Entries provided »
◇ ◇ ◇ ◇
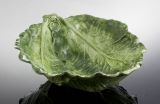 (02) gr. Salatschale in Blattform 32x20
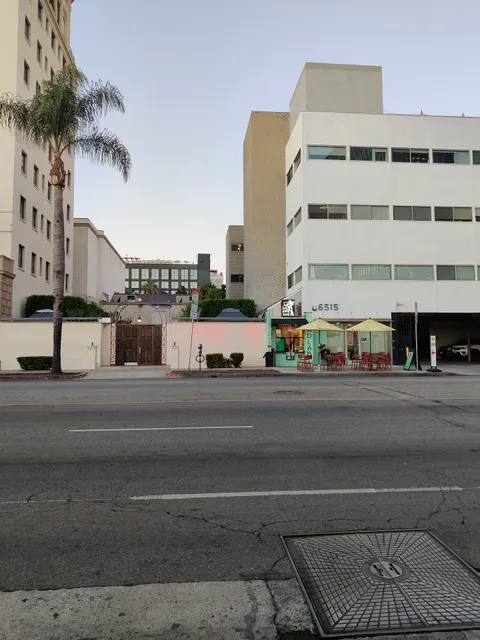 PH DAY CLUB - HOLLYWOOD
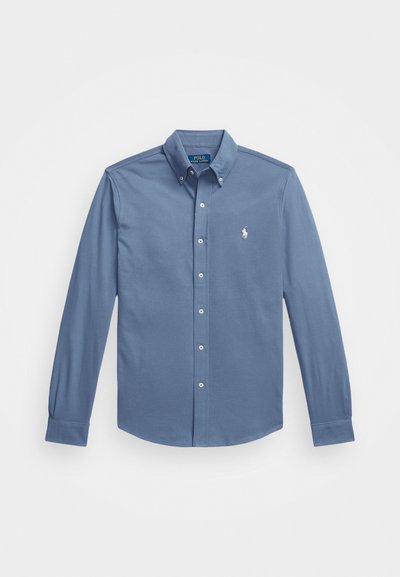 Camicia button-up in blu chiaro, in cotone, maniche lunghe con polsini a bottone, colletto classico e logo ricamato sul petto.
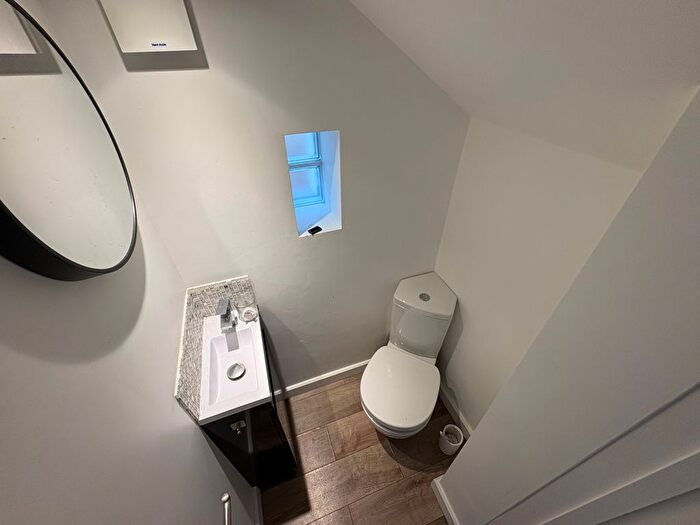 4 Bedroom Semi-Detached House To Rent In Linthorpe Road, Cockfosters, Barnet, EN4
◇ ◇ ◇ ◇
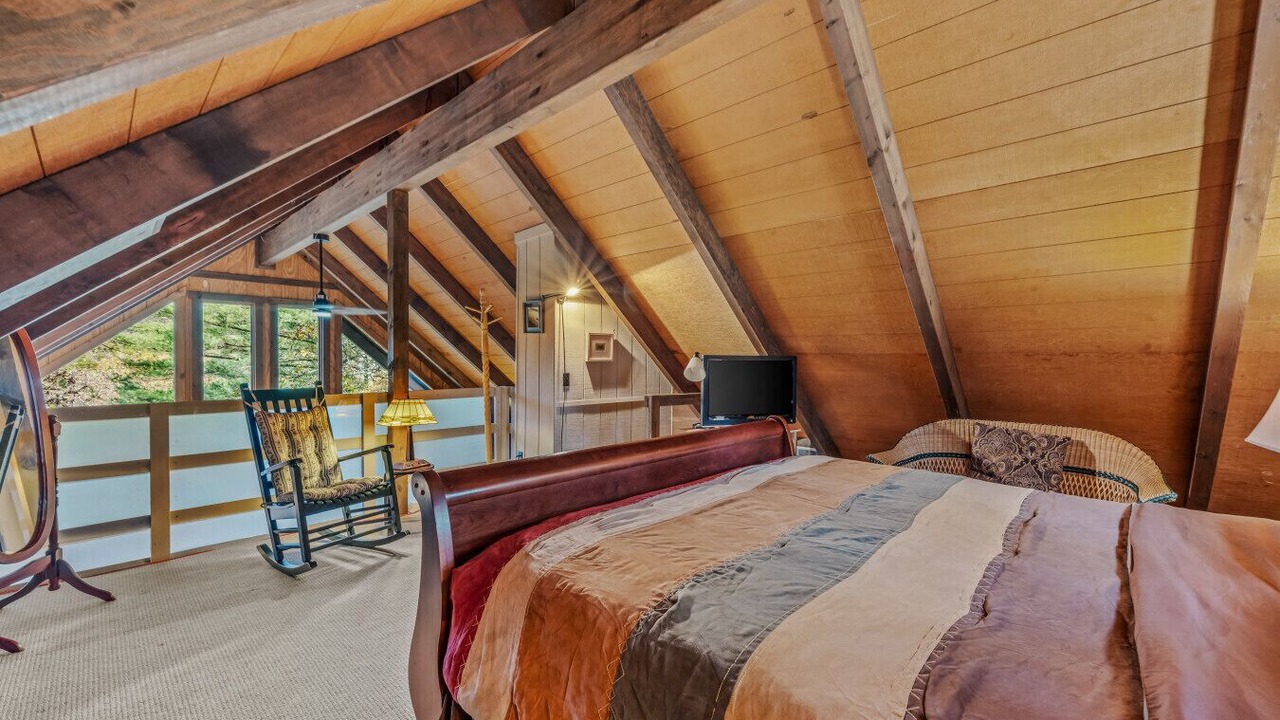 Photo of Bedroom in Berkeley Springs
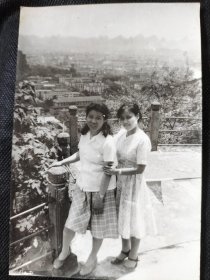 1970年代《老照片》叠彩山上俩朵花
◇ ◇ ◇ ◇
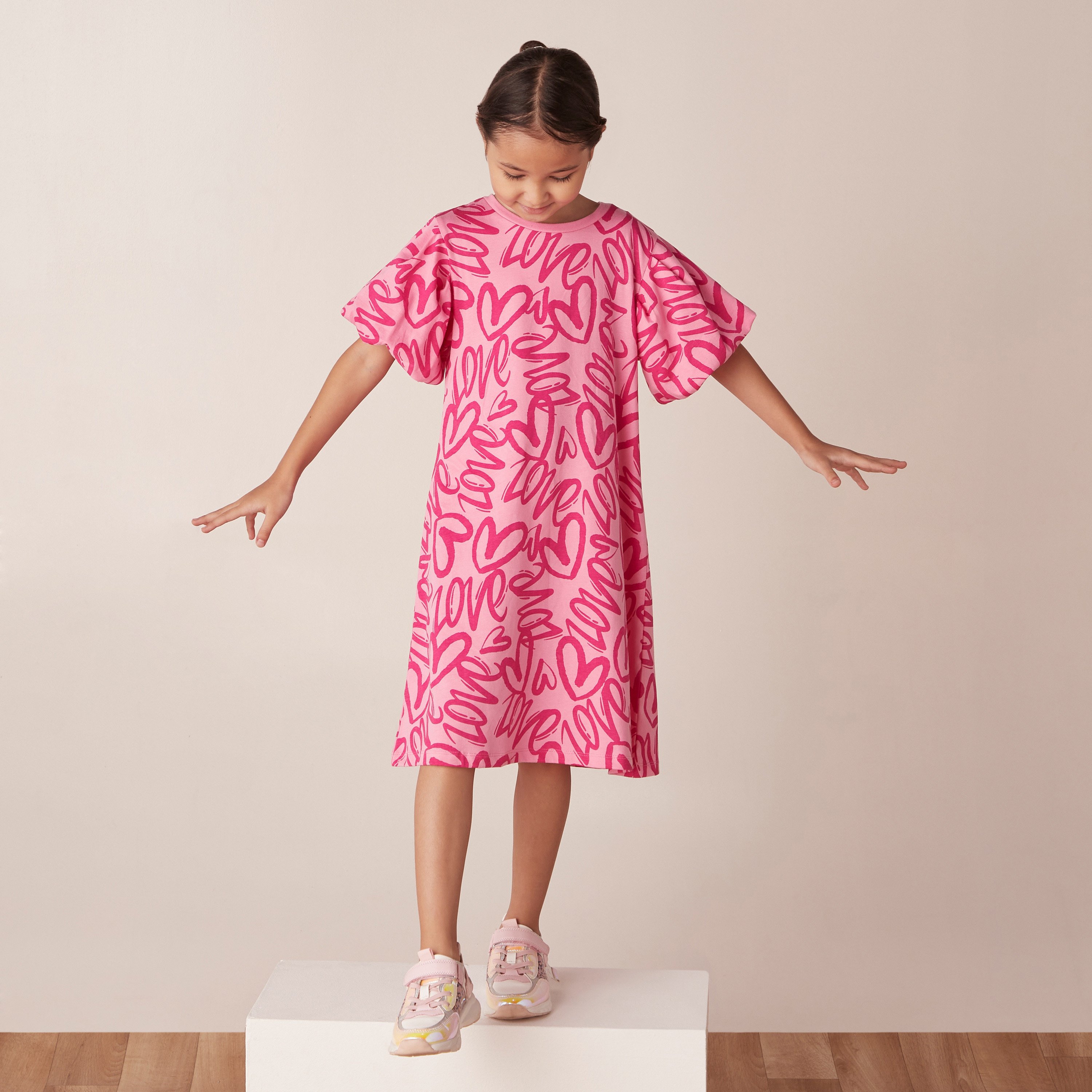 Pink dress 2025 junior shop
◇ ◇ ◇ ◇
Within the material above, only the stretch from the line holding "(02) gr. Salatschale in Blattform 32x20" through the line holding "4 Bedroom Semi-Detached" is to be restated exactly. Pictures are dropped.

Response »
 (02) gr. Salatschale in Blattform 32x20
 PH DAY CLUB - HOLLYWOOD
 Camicia button-up in blu chiaro, in cotone, maniche lunghe con polsini a bottone, colletto classico e logo ricamato sul petto.
 4 Bedroom Semi-Detached House To Rent In Linthorpe Road, Cockfosters, Barnet, EN4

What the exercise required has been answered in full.